# Work to be completed:
I'd like an exact copy of every line from the start of the entries below through the line containing "Eetkamerstoel 'Lloyd' met", please.

*** Dataset records ***

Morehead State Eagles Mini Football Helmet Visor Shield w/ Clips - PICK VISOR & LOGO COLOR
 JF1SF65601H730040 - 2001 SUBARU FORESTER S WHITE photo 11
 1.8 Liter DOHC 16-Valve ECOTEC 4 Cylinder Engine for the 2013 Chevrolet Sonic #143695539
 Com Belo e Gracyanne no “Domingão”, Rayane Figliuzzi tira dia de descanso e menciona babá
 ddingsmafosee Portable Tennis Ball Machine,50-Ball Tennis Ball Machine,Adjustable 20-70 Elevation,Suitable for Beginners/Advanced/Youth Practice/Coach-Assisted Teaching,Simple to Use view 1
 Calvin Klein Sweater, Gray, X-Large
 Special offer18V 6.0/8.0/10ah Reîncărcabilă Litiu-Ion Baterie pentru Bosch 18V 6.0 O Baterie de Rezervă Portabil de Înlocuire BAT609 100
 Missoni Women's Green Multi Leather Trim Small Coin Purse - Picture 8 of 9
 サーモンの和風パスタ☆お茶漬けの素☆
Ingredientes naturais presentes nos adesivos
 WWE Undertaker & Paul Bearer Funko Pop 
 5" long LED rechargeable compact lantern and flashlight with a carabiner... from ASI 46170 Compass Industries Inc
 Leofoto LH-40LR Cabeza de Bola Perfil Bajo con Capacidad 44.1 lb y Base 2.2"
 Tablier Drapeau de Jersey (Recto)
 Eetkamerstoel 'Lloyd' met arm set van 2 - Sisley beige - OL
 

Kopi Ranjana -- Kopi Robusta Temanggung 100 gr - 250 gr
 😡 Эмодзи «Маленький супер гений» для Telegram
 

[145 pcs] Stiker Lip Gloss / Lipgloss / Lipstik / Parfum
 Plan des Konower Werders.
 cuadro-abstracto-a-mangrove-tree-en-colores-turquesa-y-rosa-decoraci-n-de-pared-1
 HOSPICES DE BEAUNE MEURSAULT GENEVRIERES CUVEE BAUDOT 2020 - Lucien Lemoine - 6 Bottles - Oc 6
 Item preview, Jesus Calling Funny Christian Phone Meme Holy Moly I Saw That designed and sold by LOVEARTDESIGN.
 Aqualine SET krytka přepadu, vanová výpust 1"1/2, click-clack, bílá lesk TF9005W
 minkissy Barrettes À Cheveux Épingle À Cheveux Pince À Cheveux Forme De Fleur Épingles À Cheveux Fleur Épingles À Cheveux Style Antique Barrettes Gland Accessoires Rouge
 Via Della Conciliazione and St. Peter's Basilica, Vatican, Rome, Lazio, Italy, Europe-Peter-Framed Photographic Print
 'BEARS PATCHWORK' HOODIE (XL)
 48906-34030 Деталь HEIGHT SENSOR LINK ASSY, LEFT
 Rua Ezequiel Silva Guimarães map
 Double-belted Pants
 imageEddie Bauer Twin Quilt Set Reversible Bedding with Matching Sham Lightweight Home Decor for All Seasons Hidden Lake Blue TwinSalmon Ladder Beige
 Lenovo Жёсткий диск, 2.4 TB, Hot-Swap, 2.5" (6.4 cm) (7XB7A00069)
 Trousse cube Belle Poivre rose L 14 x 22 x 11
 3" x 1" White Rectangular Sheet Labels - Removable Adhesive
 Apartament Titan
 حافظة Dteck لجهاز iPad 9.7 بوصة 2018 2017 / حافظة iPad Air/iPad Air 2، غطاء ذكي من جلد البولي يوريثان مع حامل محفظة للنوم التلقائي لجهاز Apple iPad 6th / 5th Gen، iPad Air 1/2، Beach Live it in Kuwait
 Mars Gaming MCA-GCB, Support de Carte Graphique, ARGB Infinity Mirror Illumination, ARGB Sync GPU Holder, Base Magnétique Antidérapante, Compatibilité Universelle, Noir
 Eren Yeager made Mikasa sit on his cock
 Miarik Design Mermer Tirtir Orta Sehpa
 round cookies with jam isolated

*** End of Dataset records ***

# Exercise result:
Morehead State Eagles Mini Football Helmet Visor Shield w/ Clips - PICK VISOR & LOGO COLOR
 JF1SF65601H730040 - 2001 SUBARU FORESTER S WHITE photo 11
 1.8 Liter DOHC 16-Valve ECOTEC 4 Cylinder Engine for the 2013 Chevrolet Sonic #143695539
 Com Belo e Gracyanne no “Domingão”, Rayane Figliuzzi tira dia de descanso e menciona babá
 ddingsmafosee Portable Tennis Ball Machine,50-Ball Tennis Ball Machine,Adjustable 20-70 Elevation,Suitable for Beginners/Advanced/Youth Practice/Coach-Assisted Teaching,Simple to Use view 1
 Calvin Klein Sweater, Gray, X-Large
 Special offer18V 6.0/8.0/10ah Reîncărcabilă Litiu-Ion Baterie pentru Bosch 18V 6.0 O Baterie de Rezervă Portabil de Înlocuire BAT609 100
 Missoni Women's Green Multi Leather Trim Small Coin Purse - Picture 8 of 9
 サーモンの和風パスタ☆お茶漬けの素☆
Ingredientes naturais presentes nos adesivos
 WWE Undertaker & Paul Bearer Funko Pop 
 5" long LED rechargeable compact lantern and flashlight with a carabiner... from ASI 46170 Compass Industries Inc
 Leofoto LH-40LR Cabeza de Bola Perfil Bajo con Capacidad 44.1 lb y Base 2.2"
 Tablier Drapeau de Jersey (Recto)
 Eetkamerstoel 'Lloyd' met arm set van 2 - Sisley beige - OL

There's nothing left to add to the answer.